If the test fails is shows the messaged settled in the return command:
Steel-Wheels: Existence of data and variation - 1 ERROR [Missing data in Steels-Wheels!]
If the previous test pass then it will do the variations tests. It uses a trigger of lower than 10% for quarter variation and greater than 200% for monthly variation, but feel free to change it as you will and see the results.
At the bottom, in executionTimeValidation, you can set the expected time that a query should take to run and set the warnPercentage and errorPercentage margin to receive alerts when a certain query takes too long to run.
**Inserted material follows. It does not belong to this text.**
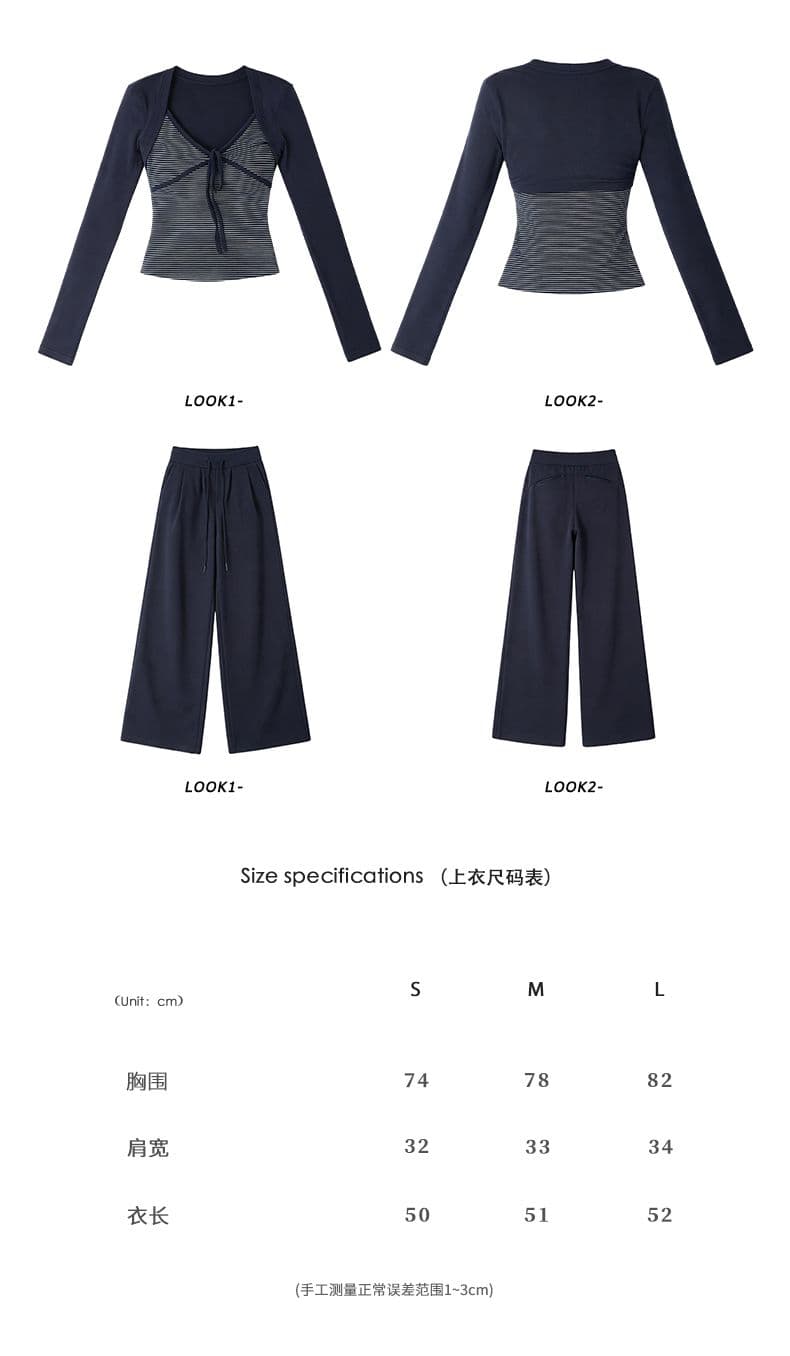 해군 로우 웨이스트 넓은 다리 캐주얼 웨이 바지 여성 2026 가을 새로운 루즈핏 느긋한 굴곡 캐주얼 운동 긴 바지 상세 이미지 9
Also if the query runs too fast you should receive an alerts if you set the errorOnLow to true.
For last, you can schedule a time for the test to run automatically on the cron line, using the cron predefined scheduling definitions.
If we were using another CDA file or had another dataAccessId returning a new resultset, it can be called with rs[1].resultset, where 1 is according to the order settled in the queries section, from top to bottom.
The tests will be sorted by groups, defined when creating each test. In each group, each line corresponds to a test, where we can see the name of the test, the path to the cda file used as Data Source, the Validation name, the Expected Duration of the query, the Status of the test and an Options button.
If the test returned a WARN the last time it runned, the font will change to orange, and in case of an ERROR, to red.

Invocation and Scheduling

There are 2 ways to call the validations:
  • By url request
  • Scheduled calls
Url will be based on the id / query name (tbd). The schedule calls is cron based

Alerts

On Alerts you can see the runned tests sorted by time of run and filter them by the Status of the test:

CDA Errors

On CDA Errors there will be a list of any error found on a cda query.

Slow Queries

As for Slow Queries, it shows a list of queries that toke more time to execute than the estimated time set in the cdv file of the test.

Notifications

There is several external interfaces supported:
  • Email
  • Http
  • Nagios integration
  • Server up check
The last one is a very specific check. All the other integrations will fail if suddenly the server hangs, and we must be notified of that. On http and nagios integration, we'll be able to get reports on the individual tests and also on the test groups. This will not rerun the tests but get the report on the last status of a test.
On the http case, we can pass a flat to force a test to be rerun.
For nagios, we can have an export of test rules

Issues, bugs and feature requests

In order to report bugs, issues or feature requests, please use the Webdetails CDV Project Page

License

CDG is licensed under the MPLv2 license.